TASK ITEM: Your answer must be the lines from the first record through the line that contains "On the final", copied exactly and without any pictures.

(Saved entries)
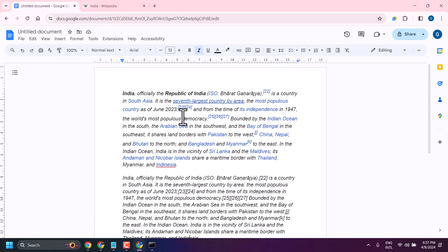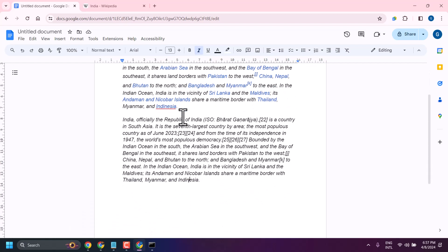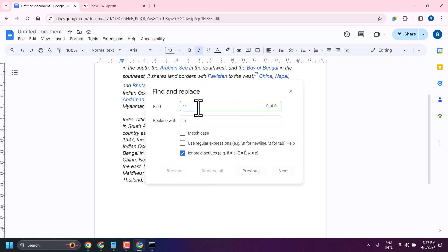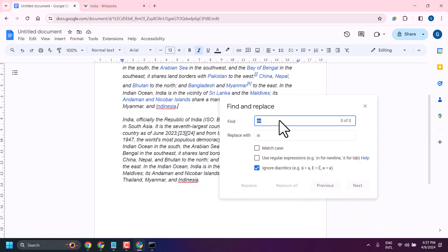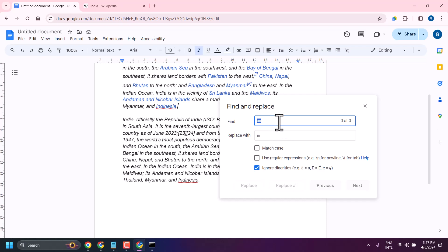In this video I will show how to use Find and Replace in Google Docs. Press Ctrl+H and you will see this pop-up window. Here you can find any number, word, or letter.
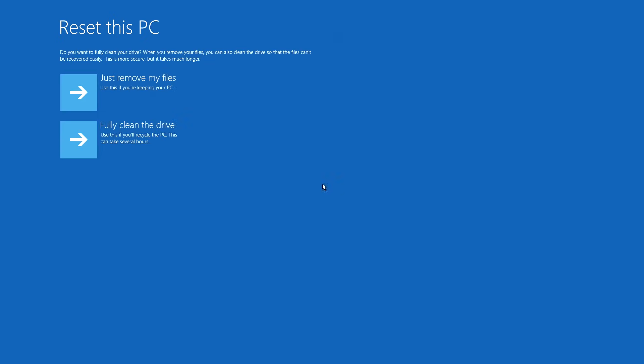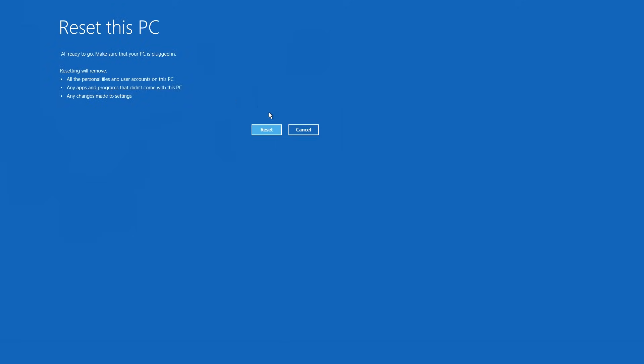On the final screen you'll have two options. Just remove my files will wipe everything off the hard drive, but it will still be recoverable through data recovery methods. Fully cleaning the drive will ensure that data recovery is more difficult.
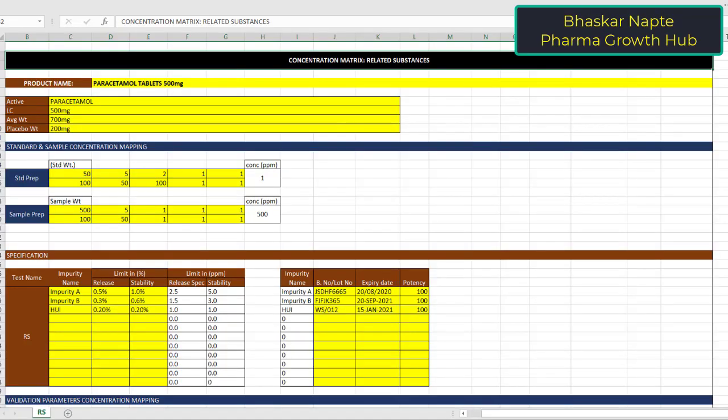I am going to explain this concentration matrix preparation by taking an example of related substances method validation. You can see on the screen that I have taken an example of a paracetamol tablet having a label claim of 500 mg. So this is a drug product.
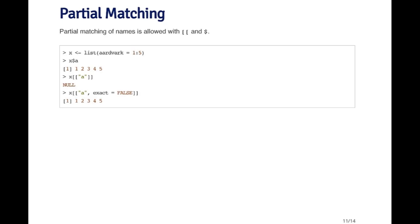The idea with partial matching is that it works with the double bracket and the dollar sign operator. Suppose I have a list X which has an element in it called aardvark, which is a sequence one through five. Suppose typing out the word aardvark every single time is a bit of a pain.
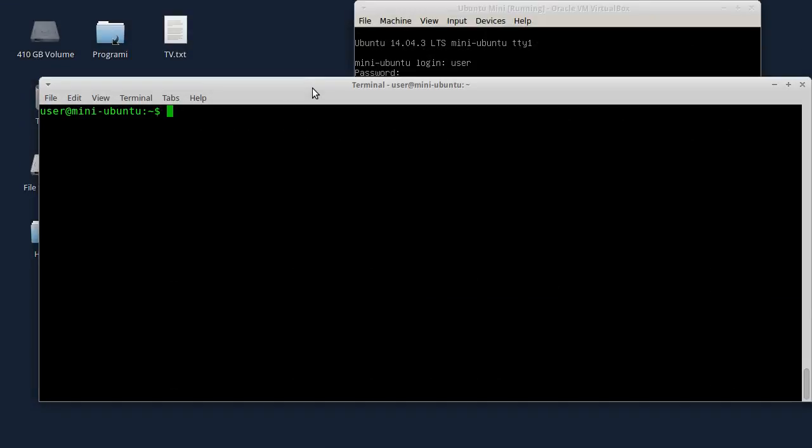Hello, this is the 17th Linux tutorial. This time I'm going to talk about Ubuntu Firewall.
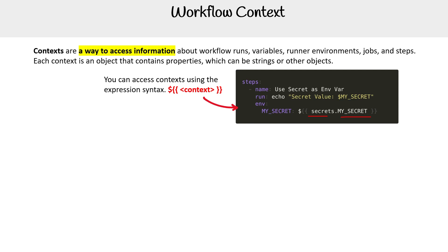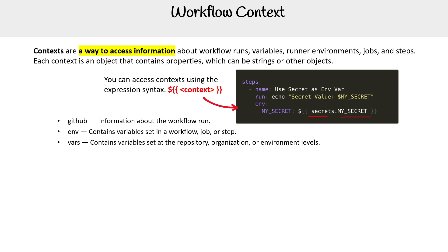Let's take a look at all the contexts that we have, the first being GitHub. This is information about the workflow run. We have ENV or environment, which is about environment variables that are available. We have vars, which you can think of like environment variables, but they're variables that we're passing in that might not be necessarily sensitive.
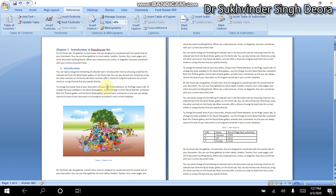So, friends, this is how you use the Insert Caption option to put captions in your document. If you have any questions, please leave comments, and don't forget to like and share the video. Subscribe to our channel. Thank you.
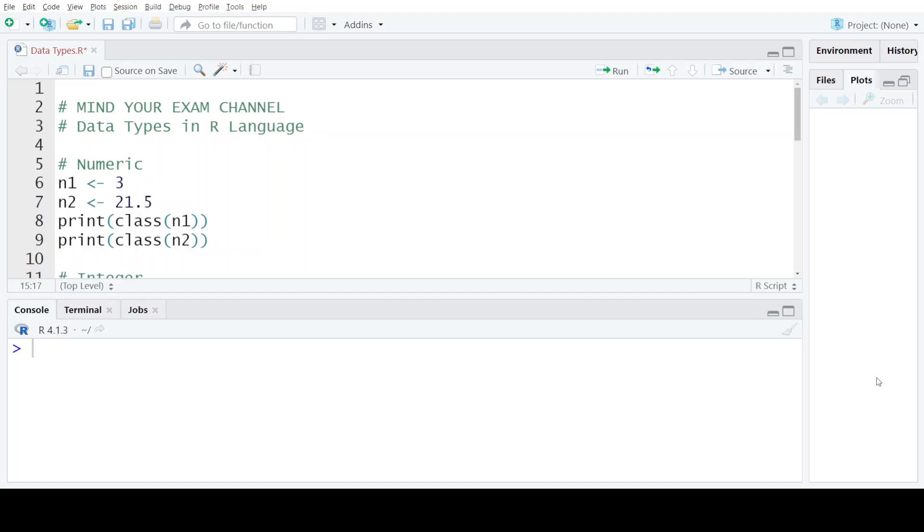Hello everyone, welcome back to my channel Mind Your Exam. In this video we will learn about the different data types that are provided by the R programming language.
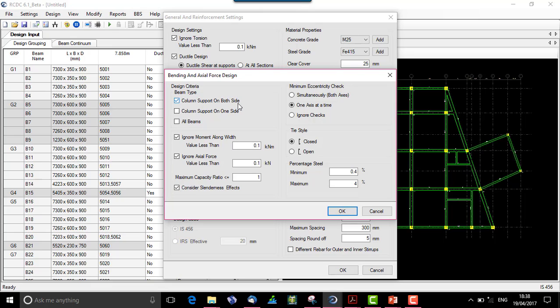For biaxial bending, I select the beam type: column support on both sides (pure primary beam), column support on one side where the other support may be a beam or cantilever, or all beams. I will select all beams. I can ignore the moment along width for values less than 0.1 kNm (minor axis moment), and similarly ignore axial force below a threshold. The maximum capacity ratio must be less than 1, and slenderness effect can optionally be considered. Biaxial bending for a beam is essentially designing it like a column. I say OK and auto run the file.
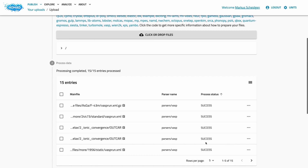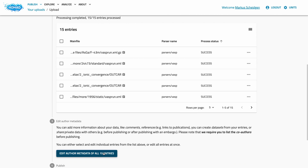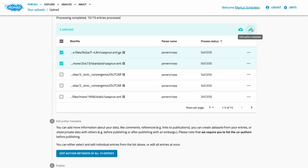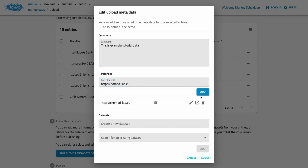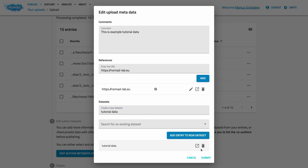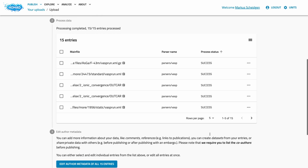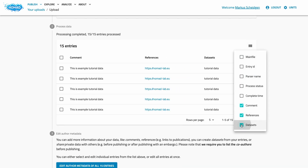Now let's have a look at the entry metadata. This button allows you to edit all entries of the whole upload. Alternatively, you can also select individual entries and edit them separately. The metadata edit dialog allows you to change the comment, add URLs as references — here you can list related publications for example — and datasets. While comments and references are strictly informative, datasets allow you to curate related data. Datasets work similar to tags, labels, or albums on other data sharing platforms. You can add entries to arbitrarily many datasets and thereby freely organize data. Datasets are also the preferred way to refer to your data, and you can create a DOI for datasets to use in your papers. You can create datasets directly in the dialog or choose from an existing dataset. If you change the columns on the entries table, you can also see the metadata, which is useful if you decide to change individual entries.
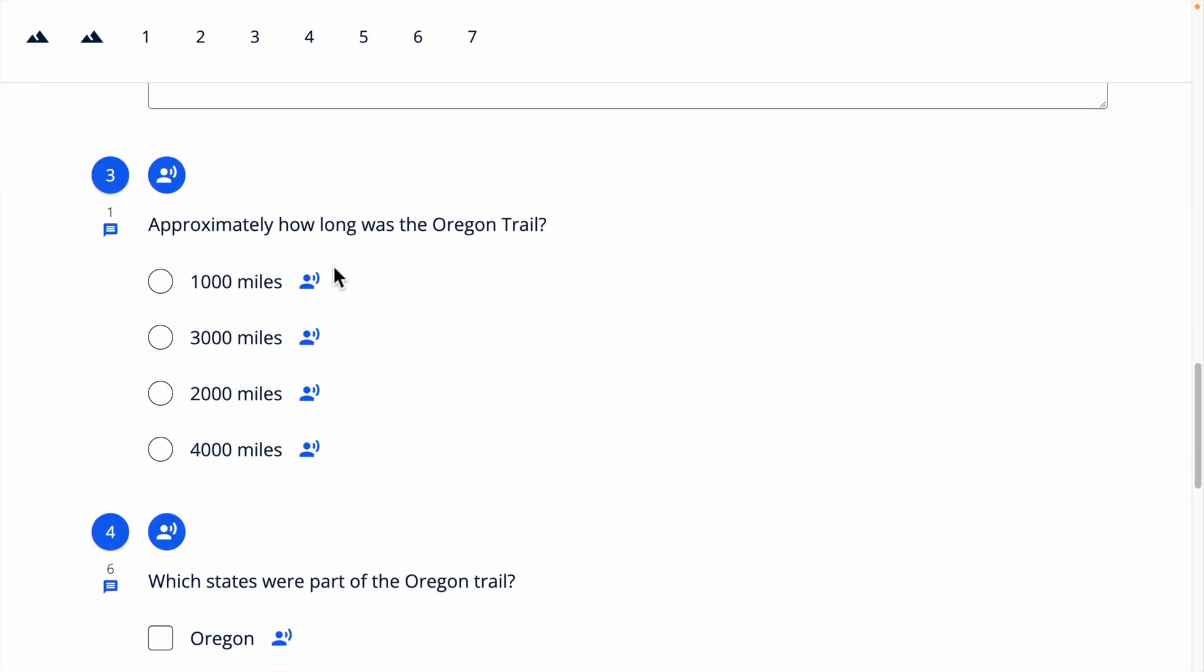Students will see the text-to-speech icon on all compatible items within the formative they are assigned. To listen to the text, all they need to do is click the text-to-speech audio icon.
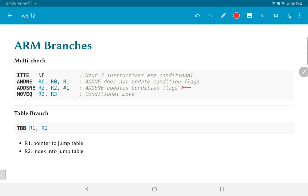Another ARM instruction type is the table branch, useful for implementing case statements. The R1 register acts as a pointer to a jump table, and R2 is an index into that table. By taking the value of R2, we can execute a jump based on values loaded into the table ahead of time. This is particularly useful for exception handling, where a table of exception vectors allows the processor to look up a handler function based on a numerical exception or interrupt value and jump directly to it.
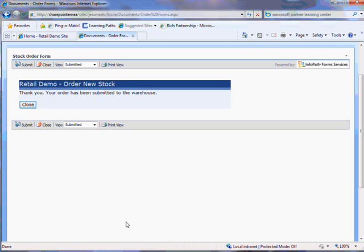That's the role of the store manager done with for the time being. Now someone from the warehouse logs into their portal.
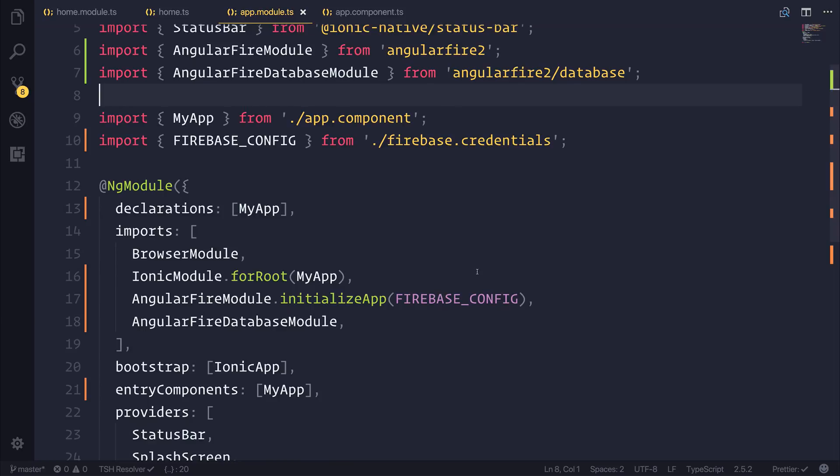In the next lecture, we'll configure the homepage and start getting some test data on screen.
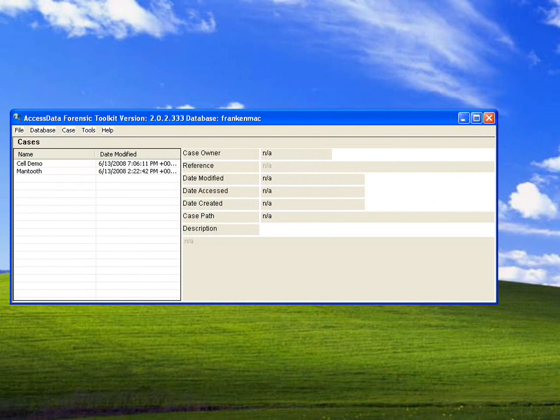Hello and welcome to a presentation on AXS Data's Mobile Phone Examiner. This tool runs in conjunction with AXS Data's Forensic Toolkit and allows the imaging and processing of mobile phone data in conjunction with other digital data within FTK2. This product is available as an additional module for FTK2 and includes a SIM card reader and USB connection cables.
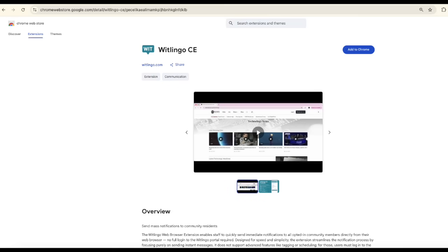Hello. In this video, I will give you a quick tour of the Witlingo web browser extension.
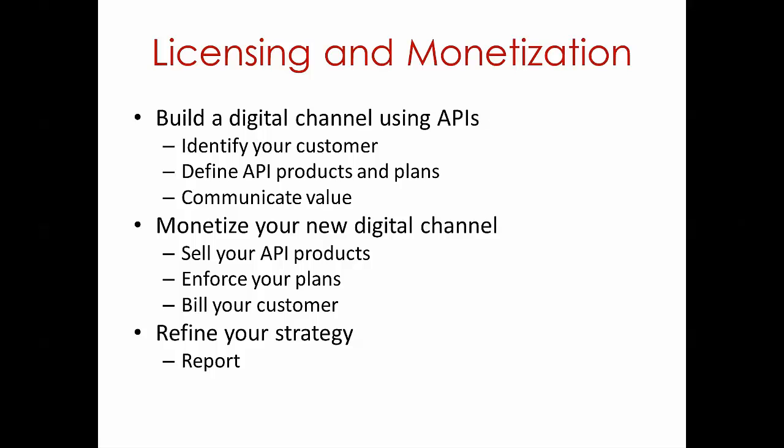And last but not least, you need to be able to refine your go-to-market strategy over time. You need to be able to report on the use of licenses, and you need to be able to evolve them to the changing needs of the market.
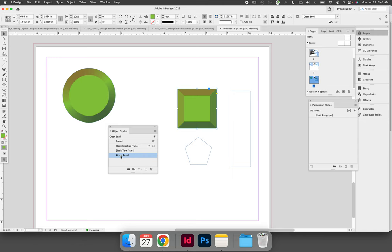A benefit of styles is that I do not have to apply these settings just to a circle. The first object I formatted was a circle, but the settings can still be applied to any object.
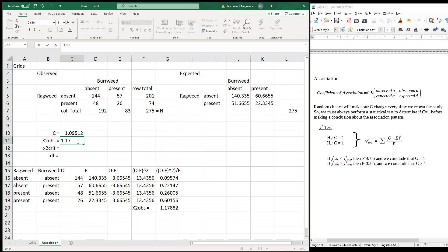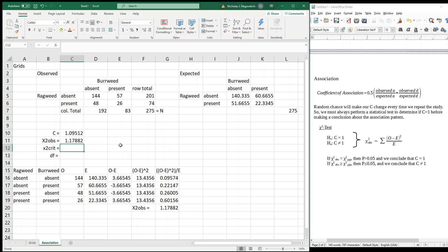Our chi-squared observed is 1.17882. Now we need our critical value, which requires degrees of freedom. You might think degrees of freedom is three because we have four rows, but we actually have a two-by-two contingency table. So degrees of freedom equals the number of rows minus one, times the number of columns minus one: (2-1) times (2-1) equals 1.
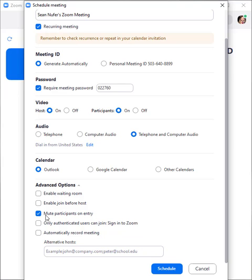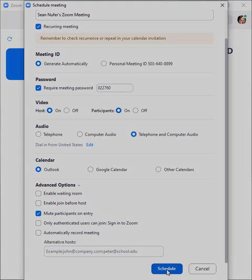You can mute participants on entry as well, which is a feature that I always select because I want people to be mindful of when they're using their microphones. When you have all your settings correct, then you click schedule.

TASK SOLUTION:
In this video I will show how to use Find and Replace in Google Docs. Press Ctrl+H and you will see this pop-up window. Here you can find any number, word, or letter.
On the final screen you'll have two options. Just remove my files will wipe everything off the hard drive, but it will still be recoverable through data recovery methods. Fully cleaning the drive will ensure that data recovery is more difficult.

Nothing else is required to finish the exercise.